Is the GMAT still relevant? 

However, some analysts contend that the significance of testing in MBA admissions is being diluted due to the extension of pandemic-era test-waiver policies by numerous institutions. This implies that pursuing an MBA application without preparing for the GMAT is now a possibility.

“The pandemic has caused significant disruption to GMAT and GRE testing centers, leading some schools to temporarily waive the test requirement to alleviate the burden on prospective students,” says Michelle Zhu, MBA administration director at China Europe International Business School in Shanghai.

Furthermore, she says many business schools are placing greater emphasis on factors beyond GMAT or GRE scores in their admissions decisions, such as work experience, leadership qualities, extracurricular activities and personal background. Zhu adds: “This trend reflects a growing recognition that test scores alone do not provide a complete picture of a candidate’s abilities and potential for success in an MBA program.”

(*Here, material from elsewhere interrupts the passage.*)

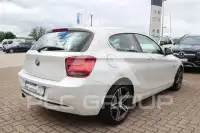 2014 BMW 120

Nevertheless, Stacey Koprince from Manhattan Prep, a US test preparation company, insists that there’s still an advantage for applicants who can submit a competitive score. “According to Manhattan Prep/Kaplan’s 2022 business school admissions officers survey, the vast majority of test-optional business schools say that submitting a competitive score can help their application even when a score isn’t required,” she says.

Furthermore, Koprince adds that many schools also use test scores as part of the criteria for scholarships, fellowships and other financial packages that schools offer competitive applicants as an incentive to attend that institution. “Investing several months to earn a good score could save you tens of thousands of dollars on tuition and other costs,” she says.

Should you take the GMAT or GRE? 

A further consideration for MBA aspirants is whether to take the GMAT or an alternative examination such as the GRE, now accepted by most top business schools.

“Although the GMAT remains the most common test score submitted by admits to top MBA programs, the share of admits submitting GRE scores has increased over the past few years,” says David White, founding partner at Menlo Coaching, an admissions consulting firm in Europe. “The GMAT and GRE are both well accepted by top MBA programs.”

Besides thinking about which exam best suits their strengths, he says applicants should also consider whether they would apply to graduate programs beyond the MBA. “If a particular applicant would also consider graduate school in public policy, engineering or another field, they may need a GRE score to apply to those non-business degree programs,” White points out.

What is a good GMAT score? 

So, with the continuous upward trajectory of test performance, what should be the target GMAT score for MBA applicants? Ultimately, it could boil down to an individual’s inherent potential.

Brandon Kirby, director of marketing for programs at Rotterdam School of Management, in the Netherlands, suggests that applicants aim for a score that accurately mirrors their potential performance within the academic environment. “There have been instances where students with high GMAT scores actually struggle in the program academically,” he says. “Studying hard to obtain a high score is important, but the test doesn’t cover everything presented in a program.”

Even if a candidate achieves a strong performance on the test, Kirby advises maintaining awareness of any gaps in knowledge or skills that might warrant attention before embarking on an MBA. “A good GMAT might get a person into a top program, but the challenges do not end with the admissions process.”